Ayrıca ikinci trimesterde sırtüstü pozisyonlarda büyüyen bebek ve rahim, omurga ve rahim arasında bulunan vena cava toplardamarına baskı yapacağı için anneye ve bebeğe giden kan miktarı azalır. Bu dönemde sırtüstü hareketler de modifiye edilmelidir. Hamilelikte her üç dönemde de yapılması ve yapılmaması gereken hareketler, dikkat edilmesi gereken modifikasyonlar bulunur. Hamile bir öğrenci ile çalışırken tüm bu dönemlerde yapılması gerekenlere hakim olmak gerekir. Her hamilelik ve her anne adayı birbirinden farklı özelliklere sahip olacaktır. O yüzden anne ile ders içinde etkileşim halinde olmanız, yaptırılan hareketlerde nasıl hissettiğini gözlemlemeniz çok önemlidir.

Bebeğin tutunması için ilk 12 hafta çok önemli olduğundan doktorlar genelde 12.haftanın sonunda egzersiz için onay vermektedir.
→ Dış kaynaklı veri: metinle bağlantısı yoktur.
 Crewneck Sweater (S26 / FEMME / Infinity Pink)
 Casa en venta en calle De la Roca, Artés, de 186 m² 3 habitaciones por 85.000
Anne hangi haftada gelirse gelsin, mutlaka doktorundan onay alması gerekir. 35 yaş üstü hamilelikler, tüp bebek, çoklu gebelikler bizim için riskli hamileliklerdir. Özellikle kanamalı hamileliklerde, plasenta breveia, preeklamsi, servik yetmezliği tanılarında egzersiz önerilmemektedir.
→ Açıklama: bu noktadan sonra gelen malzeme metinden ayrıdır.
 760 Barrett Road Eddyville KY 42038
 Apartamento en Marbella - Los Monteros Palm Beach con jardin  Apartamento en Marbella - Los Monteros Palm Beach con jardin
Doğum normal gerçekleşmişse 6 hafta, sezaryense 2 ay sonra pilates derslerine başlanabilir. Fakat bu süreçte de dokuların iyileşmesi için anneye zaman tanınması gerekir. Derse gelir gelmez karın egzersizleri ile başlamak yarardan çok zarar getirir. Önce nefes egzersizleri ile diyafram, transverse abdominus, pelvik taban kaslarının aktivasyonuna odaklanmak; hizalanma prensipleri ile hareketlere başlayıp, tempoyu ve yükü yavaş yavaş arttırmak faydalı olacaktır. Doğumun olabilmesi için salgılanan relaksin hormonu bu dönemde de vücutta salgılanmaya devam eder. O yüzden hareketlerde tam hareket açıklığına aşamalı olarak gidilmeli, agresif esneme hareketlerinden kaçınılmalı, pelvis stabilizasyonunda sıkıntı yaşanabileceği için kapalı zincir egzersizler tercih edilmelidir. Hamilelik yaklaşık 40-42 hafta süren bir süreçtir. Doğum sonrasında toparlanma için de anneye bu süre tanınmalıdır.

Anne adayları ile çalışmak çok dikkat gerektirse de süreç çok keyiflidir. Anne tüm hamileliğini sizinle tamamlar ve sonrasında bebeği ile size gelmeye başlar. Tüm bu süreçte kurulan özel bağlar bu işi çok keyifli hale getirir. Anneyi rahatlatmamız, vücuduna, aldığı kilolara odaklanmasından ziyade bu süreçten keyif almasını sağlamamız bence her şeyden önemlidir.